» **Data under study**:
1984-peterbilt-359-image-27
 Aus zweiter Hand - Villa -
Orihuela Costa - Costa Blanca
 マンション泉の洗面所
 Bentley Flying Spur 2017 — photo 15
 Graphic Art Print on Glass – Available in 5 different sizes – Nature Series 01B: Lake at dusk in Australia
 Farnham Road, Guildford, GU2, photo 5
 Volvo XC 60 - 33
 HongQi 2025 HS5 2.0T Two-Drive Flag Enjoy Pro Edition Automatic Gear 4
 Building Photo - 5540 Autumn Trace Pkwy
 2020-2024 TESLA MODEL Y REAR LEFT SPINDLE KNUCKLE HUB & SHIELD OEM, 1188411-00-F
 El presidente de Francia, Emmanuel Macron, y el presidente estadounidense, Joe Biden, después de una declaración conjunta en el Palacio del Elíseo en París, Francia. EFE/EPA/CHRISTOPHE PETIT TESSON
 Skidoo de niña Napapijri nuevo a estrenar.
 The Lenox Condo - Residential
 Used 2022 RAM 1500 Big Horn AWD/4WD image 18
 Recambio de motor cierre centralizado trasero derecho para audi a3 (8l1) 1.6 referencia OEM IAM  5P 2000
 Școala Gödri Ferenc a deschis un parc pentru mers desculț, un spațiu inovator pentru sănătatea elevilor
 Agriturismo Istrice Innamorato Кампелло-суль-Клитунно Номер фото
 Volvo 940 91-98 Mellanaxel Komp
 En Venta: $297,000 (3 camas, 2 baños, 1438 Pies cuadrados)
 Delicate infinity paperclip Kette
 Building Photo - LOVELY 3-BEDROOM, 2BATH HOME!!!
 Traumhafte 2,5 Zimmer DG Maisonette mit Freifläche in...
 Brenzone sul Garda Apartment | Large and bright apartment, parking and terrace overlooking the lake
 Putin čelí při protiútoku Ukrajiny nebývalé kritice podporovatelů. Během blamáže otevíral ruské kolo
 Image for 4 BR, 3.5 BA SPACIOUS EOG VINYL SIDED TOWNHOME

» **Aim of the task**:
Could you state how many lines in the data hold the word "Volvo"? Only the number should be given.

» **Written reply**:
2